The Washington Independent reports that defense contractors are using the Georgia conflict as a means of selling weapons systems designed for conventional conflict, Edward Luttwak writes in the Sunday Telegraph that Georgia has "blown away soft power," and (as I mentioned before) Pat Lang uses the opportunity to make fun of 4th Generation Warfare. This will most likely also re-start the conventional vs. COIN debate going on in the military. And COIN detractors do have something to chew on--Charles Dunlap Jr., the tireless airpower advocate, is bound to pick up on the role that Russian air superiority played in routing Georgian forces and destroying Georgian industrial infrastructure. Others may focus on how little good the counterinsurgency training given to Georgia (and the light infantry formations that resulted) did against massed Russian armor and mechanized infantry.

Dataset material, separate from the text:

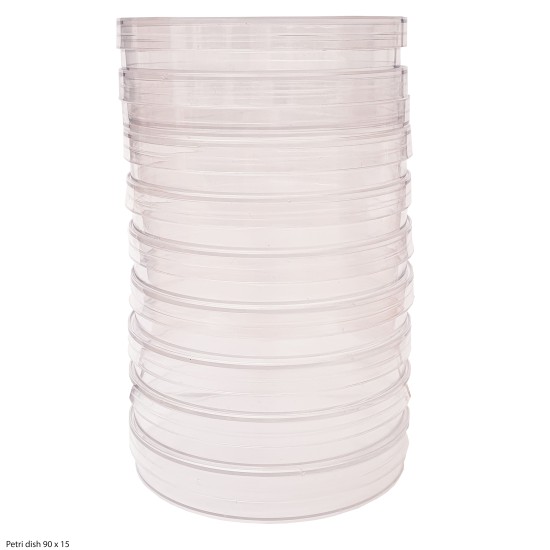 Petri Dish 90x15mm: Optimal Observation & Cultivation - pack of 500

Granted, the outcome was stacked against Georgia from the beginning either way. Even if Georgia had employed asymmetric tactics against Russia (blowing up Russian lines of supply and communications or targeting oil refineries) Putin was likely to respond the way he did in Chechnya--raze the whole place to the ground. So what does Georgia mean in terms of future war (and future Pentagon contracts)?
First, I think it is necessary to dispense with the notion that COIN and conventional warfare is an "either-or" proposition. In Georgia, we saw compound warfare (irregulars w/ conventional forces), a tactic that confounded Napoleon in the Peninsular War. Frank Hoffman's "Hybrid Wars," discussed in detail here, is an update of sorts on this strategic principle. Both conventional and irregular skills are going to be needed. How to integrate both without creating a faulty, one-size-fits all force (see "Army After Next" for a discussion of how this went wrong) is a legitimate (and difficult) question.

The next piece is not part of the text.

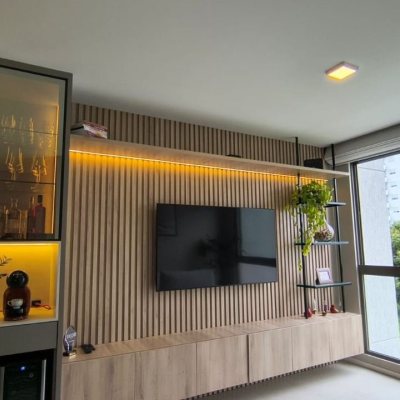 Apartamentos com 76m², 2 quartos (sendo 2 suítes), 1 garagem, no bairro Jardim Atlântico em Florianópolis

Additionally, talk about force structure and training seems wholly divorced from a conception of American grand strategy. The armed forces must support and carry out American strategic aims. Granted, the enemy gets a vote, as the hoary cliche goes. We don't want to build a force that will be wholly useless on a modern battlefield. But the kind of force that we are building should be based on what is necessary to support broader political goals, and the choice of those goals are important. Military thinkers such as Brian McAllister Linn and Colin S. Gray emphasize again and again that Americans excel at creating doctrines and strategies that are hermetically isolated from larger political, economic, and social factors. From the Jomini-loving luminaries of the post-civil war period (Dennis Hart Mahan and Henry Halleck of 19th century West Point) to the Blade Runner dreams of the Revolution in Military Affairs (RMA) there is a belief that conflict can be navigated with scientific principles separate from larger, messy, and above all human intangibles.

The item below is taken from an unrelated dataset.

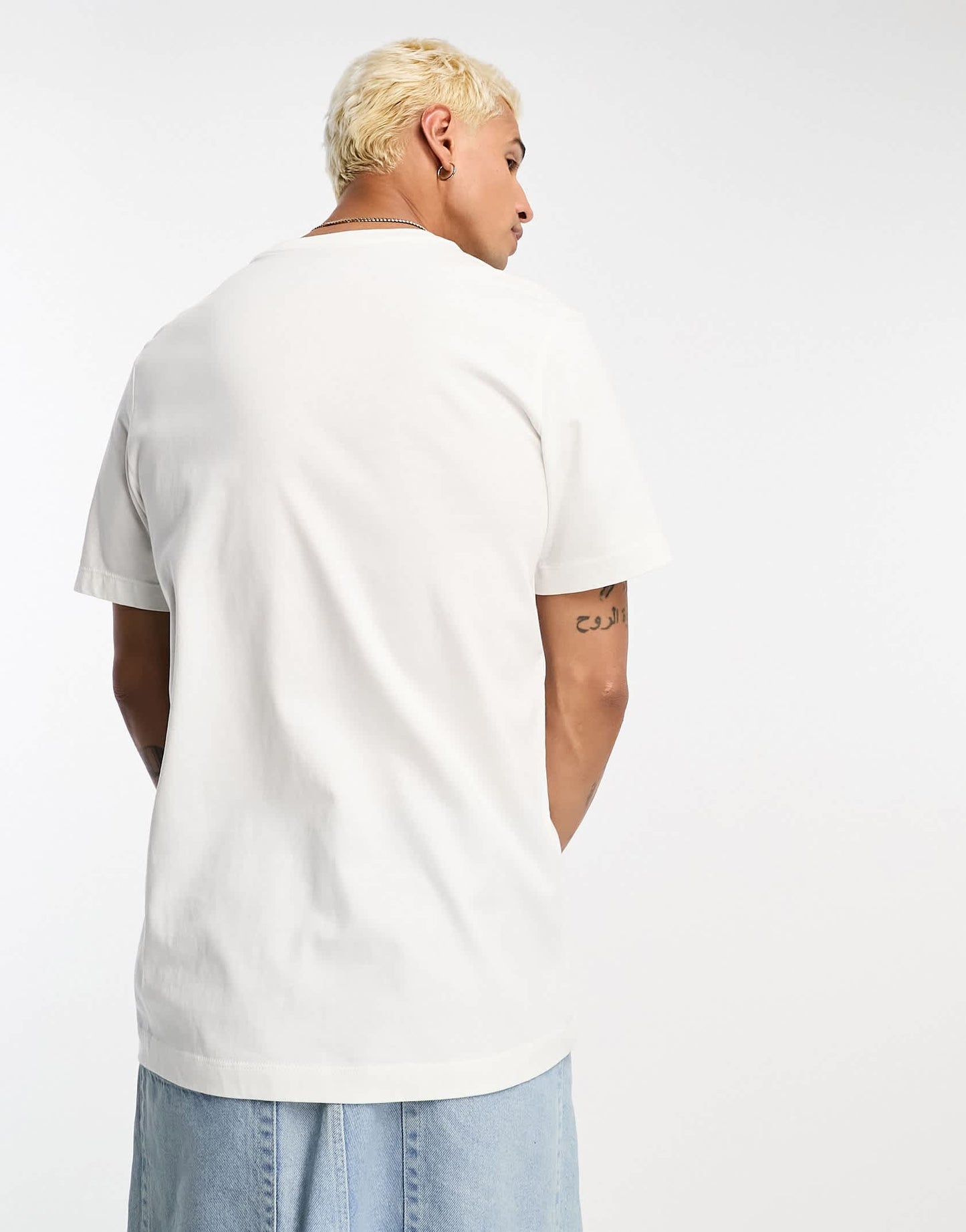 Nike Brandriffs HBR t-shirt in white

We still don't have a good idea of what we want our grand strategy to be. If we do, its counter-terrorism (a tactical and operational doctrine) transposed to the level of grand strategy. And without a strong view of what we want to accomplish in the future, our national security decisions will be decided by institutional pressures or interest groups. This is why the current election is so important--for better or worse, Barack Obama and John McCain offer two compelling (and radically different) views about America's place in the world in a time of great epochal change in all dimensions (political, social, military, technological, economic). As the old knight said in Indiana Jones and the Last Crusade (the last good Indiana Jones movie) choose wisely.